This [balloon color splash sample tutorial](https://engineering.matterport.com/splash-of-color-instance-segmentation-with-mask-r-cnn-and-tensorflow-7c761e238b46) provides excellent guidances and illustration of Mask R-CNN. 

In [None]:
class AirbusShipDetectionChallengeDataset(utils.Dataset):
    """Airbus Ship Detection Challenge Dataset
    """
    def __init__(self, image_file_dir, ids, masks, image_width=IMAGE_WIDTH, image_height=IMAGE_HEIGHT):
        super().__init__(self)
        self.image_file_dir = image_file_dir
        self.ids = ids
        self.masks = masks
        self.image_width = image_width
        self.image_height = image_height
        
        # Add classes
        self.add_class(SHIP_CLASS_NAME, 1, SHIP_CLASS_NAME)
        self.load_dataset()
        
    def load_dataset(self):
        """Load dataset from the path
        """
        # Add images
        for index, row in self.ids.iterrows():
            image_id = row['ImageId']
            image_path = os.path.join(self.image_file_dir, image_id)
            rle_mask_list = row['RleMaskList']
            #print(rle_mask_list)
            self.add_image(
                SHIP_CLASS_NAME,
                image_id=image_id,
                path=image_path,
                width=self.image_width, height=self.image_height,
                rle_mask_list=rle_mask_list)

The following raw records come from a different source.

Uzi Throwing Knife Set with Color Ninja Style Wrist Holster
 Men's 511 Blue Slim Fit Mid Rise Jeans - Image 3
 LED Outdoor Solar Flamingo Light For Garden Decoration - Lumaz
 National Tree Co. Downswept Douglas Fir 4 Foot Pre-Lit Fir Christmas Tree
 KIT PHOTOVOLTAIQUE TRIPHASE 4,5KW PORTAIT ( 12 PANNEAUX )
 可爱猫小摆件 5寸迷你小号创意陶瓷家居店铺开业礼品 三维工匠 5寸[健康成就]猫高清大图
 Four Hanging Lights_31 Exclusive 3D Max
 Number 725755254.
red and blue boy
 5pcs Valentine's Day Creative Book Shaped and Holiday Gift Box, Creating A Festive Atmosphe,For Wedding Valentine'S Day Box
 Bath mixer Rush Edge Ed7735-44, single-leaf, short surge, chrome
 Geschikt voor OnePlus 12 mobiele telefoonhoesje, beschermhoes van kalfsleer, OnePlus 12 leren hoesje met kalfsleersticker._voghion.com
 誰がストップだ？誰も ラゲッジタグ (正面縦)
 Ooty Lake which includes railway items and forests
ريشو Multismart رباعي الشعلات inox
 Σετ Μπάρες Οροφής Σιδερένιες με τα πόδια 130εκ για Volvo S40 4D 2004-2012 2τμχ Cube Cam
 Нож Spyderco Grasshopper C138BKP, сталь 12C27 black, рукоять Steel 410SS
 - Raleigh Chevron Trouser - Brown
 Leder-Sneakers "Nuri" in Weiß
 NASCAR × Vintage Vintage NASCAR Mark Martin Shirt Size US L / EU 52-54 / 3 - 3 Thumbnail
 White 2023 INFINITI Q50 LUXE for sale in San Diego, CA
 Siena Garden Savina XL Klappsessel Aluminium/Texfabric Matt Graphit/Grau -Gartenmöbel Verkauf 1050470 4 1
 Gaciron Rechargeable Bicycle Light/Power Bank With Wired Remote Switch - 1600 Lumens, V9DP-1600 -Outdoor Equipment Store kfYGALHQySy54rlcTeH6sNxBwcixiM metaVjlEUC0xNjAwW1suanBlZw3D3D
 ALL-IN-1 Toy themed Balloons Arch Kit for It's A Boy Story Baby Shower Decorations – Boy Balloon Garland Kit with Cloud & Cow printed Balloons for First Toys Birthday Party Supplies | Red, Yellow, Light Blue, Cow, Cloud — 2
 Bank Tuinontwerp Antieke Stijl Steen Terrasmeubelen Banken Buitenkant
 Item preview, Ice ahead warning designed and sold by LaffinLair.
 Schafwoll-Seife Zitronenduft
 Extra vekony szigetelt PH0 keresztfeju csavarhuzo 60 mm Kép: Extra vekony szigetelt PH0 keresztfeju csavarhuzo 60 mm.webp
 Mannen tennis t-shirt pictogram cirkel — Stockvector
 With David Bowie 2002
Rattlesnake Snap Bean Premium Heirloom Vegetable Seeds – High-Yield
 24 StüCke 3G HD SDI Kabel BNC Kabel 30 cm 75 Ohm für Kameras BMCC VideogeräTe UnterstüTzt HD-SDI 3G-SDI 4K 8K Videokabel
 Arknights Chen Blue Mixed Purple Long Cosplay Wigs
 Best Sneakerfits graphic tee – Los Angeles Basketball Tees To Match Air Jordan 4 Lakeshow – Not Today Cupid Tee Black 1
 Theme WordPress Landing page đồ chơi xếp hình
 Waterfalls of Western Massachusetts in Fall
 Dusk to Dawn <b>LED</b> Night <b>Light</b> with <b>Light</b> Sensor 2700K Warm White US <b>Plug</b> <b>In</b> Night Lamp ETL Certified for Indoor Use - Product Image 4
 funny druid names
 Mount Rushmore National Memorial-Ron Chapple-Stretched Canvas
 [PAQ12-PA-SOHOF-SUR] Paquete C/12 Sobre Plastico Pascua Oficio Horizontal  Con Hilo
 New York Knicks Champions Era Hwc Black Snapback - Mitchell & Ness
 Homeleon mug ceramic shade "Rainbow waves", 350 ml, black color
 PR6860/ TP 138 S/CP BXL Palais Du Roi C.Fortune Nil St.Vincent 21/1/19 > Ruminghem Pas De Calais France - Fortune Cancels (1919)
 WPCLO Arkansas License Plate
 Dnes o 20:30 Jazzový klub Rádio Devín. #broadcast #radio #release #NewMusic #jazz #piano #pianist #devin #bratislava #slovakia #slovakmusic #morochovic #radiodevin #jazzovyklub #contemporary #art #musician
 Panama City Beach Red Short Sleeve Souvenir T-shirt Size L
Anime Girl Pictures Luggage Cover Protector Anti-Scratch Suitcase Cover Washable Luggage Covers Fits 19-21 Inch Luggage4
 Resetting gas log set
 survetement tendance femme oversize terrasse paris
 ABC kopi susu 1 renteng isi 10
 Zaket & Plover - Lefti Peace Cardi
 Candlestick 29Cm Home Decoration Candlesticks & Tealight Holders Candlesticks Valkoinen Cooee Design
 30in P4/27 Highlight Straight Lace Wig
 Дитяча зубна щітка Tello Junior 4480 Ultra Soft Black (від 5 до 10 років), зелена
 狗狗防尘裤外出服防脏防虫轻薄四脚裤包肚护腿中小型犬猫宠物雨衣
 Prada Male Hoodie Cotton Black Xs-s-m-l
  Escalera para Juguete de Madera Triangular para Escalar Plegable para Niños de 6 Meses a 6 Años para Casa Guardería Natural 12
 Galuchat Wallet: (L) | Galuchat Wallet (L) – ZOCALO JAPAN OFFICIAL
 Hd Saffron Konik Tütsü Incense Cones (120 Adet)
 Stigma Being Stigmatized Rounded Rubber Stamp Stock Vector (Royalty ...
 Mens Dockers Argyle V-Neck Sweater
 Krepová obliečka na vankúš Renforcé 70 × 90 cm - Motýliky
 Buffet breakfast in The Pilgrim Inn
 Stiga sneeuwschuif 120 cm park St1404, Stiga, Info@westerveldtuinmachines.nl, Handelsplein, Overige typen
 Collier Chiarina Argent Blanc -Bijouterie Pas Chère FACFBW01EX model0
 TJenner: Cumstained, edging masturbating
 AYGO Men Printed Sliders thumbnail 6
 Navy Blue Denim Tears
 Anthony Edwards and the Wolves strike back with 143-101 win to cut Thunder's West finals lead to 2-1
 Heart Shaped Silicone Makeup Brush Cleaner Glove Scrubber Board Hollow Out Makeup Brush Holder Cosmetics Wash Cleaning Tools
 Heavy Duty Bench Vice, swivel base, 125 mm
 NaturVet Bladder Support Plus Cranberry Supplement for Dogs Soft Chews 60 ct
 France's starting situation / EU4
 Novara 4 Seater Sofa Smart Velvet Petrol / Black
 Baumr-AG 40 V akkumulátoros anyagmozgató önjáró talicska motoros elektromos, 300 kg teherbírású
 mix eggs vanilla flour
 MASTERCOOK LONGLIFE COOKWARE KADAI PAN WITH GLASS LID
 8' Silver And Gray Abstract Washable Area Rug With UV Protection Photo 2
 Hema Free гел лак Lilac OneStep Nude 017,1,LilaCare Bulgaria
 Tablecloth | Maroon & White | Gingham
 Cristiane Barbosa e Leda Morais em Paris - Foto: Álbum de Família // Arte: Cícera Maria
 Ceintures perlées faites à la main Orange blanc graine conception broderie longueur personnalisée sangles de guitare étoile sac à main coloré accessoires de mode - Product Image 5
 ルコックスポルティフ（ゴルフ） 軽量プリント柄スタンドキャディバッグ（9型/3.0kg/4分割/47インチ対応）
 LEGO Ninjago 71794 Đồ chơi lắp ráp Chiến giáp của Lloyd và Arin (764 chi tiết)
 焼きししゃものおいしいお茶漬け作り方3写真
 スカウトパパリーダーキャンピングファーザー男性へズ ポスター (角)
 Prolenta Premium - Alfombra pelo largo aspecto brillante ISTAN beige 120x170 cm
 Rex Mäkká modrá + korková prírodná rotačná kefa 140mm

    def load_mask(self, image_id):
        """Generate instance masks for shapes of the given image ID.
        """
        info = self.image_info[image_id]
        rle_mask_list = info['rle_mask_list']
        mask_count = len(rle_mask_list)
        mask = np.zeros([info['height'], info['width'], mask_count],
                        dtype=np.uint8)
        i = 0
        for rel in rle_mask_list:
            if isinstance(rel, str):
                np.copyto(mask[:,:,i], rle_decode(rel))
            i += 1
        
        # Return mask, and array of class IDs of each instance. Since we have
        # one class ID only, we return an array of 1s
        return mask.astype(np.bool), np.ones([mask.shape[-1]], dtype=np.int32)
    
    def image_reference(self, image_id):
        """Return the path of the image."""
        info = self.image_info[image_id]
        if info['source'] == SHIP_CLASS_NAME:
            return info['path']
        else:
            super(self.__class__, self).image_reference(image_id)

## Model configurations
Override [the default configurations](https://github.com/samlin001/Mask_RCNN/blob/master/mrcnn/config.py) for the challenge.

In [None]:
class AirbusShipDetectionChallengeGPUConfig(Config):
    """
    Configuration of Airbus Ship Detection Challenge Dataset 
    Overrides values in the base Config class.
    From https://github.com/samlin001/Mask_RCNN/blob/master/mrcnn/config.py
    """
    # https://www.kaggle.com/docs/kernels#technical-specifications
    NAME = 'ASDC_GPU'
    # NUMBER OF GPUs to use.
    GPU_COUNT = 1
    IMAGES_PER_GPU = 2
    
    NUM_CLASSES = 2  # ship or background
    IMAGE_MIN_DIM = IMAGE_WIDTH
    IMAGE_MAX_DIM = IMAGE_WIDTH
    STEPS_PER_EPOCH = 300
    VALIDATION_STEPS = 50
    SAVE_BEST_ONLY = True
    
    # Minimum probability value to accept a detected instance
    # ROIs below this threshold are skipped
    DETECTION_MIN_CONFIDENCE = 0.95

    # Non-maximum suppression threshold for detection
    # Keep it small to merge overlapping ROIs 
    DETECTION_NMS_THRESHOLD = 0.05

    
config = AirbusShipDetectionChallengeGPUConfig()
config.display()

## Prepare and load training dataset


In [None]:
start_time = time.time()
# Training dataset.
dataset_train = AirbusShipDetectionChallengeDataset(image_file_dir=TRAIN_DATA_PATH, ids=train_ids, masks=masks)
dataset_train.prepare()

# Validation dataset
dataset_val = AirbusShipDetectionChallengeDataset(image_file_dir=TRAIN_DATA_PATH, ids=val_ids, masks=masks)
dataset_val.prepare()

# Load and display random samples
image_ids = np.random.choice(dataset_train.image_ids, 3)
for image_id in image_ids:
    image = dataset_train.load_image(image_id)
    mask, class_ids = dataset_train.load_mask(image_id)
    visualize.display_top_masks(image, mask, class_ids, dataset_train.class_names, limit=1)

end_time = time.time() - start_time
print("dataset prepare: {}".format(end_time))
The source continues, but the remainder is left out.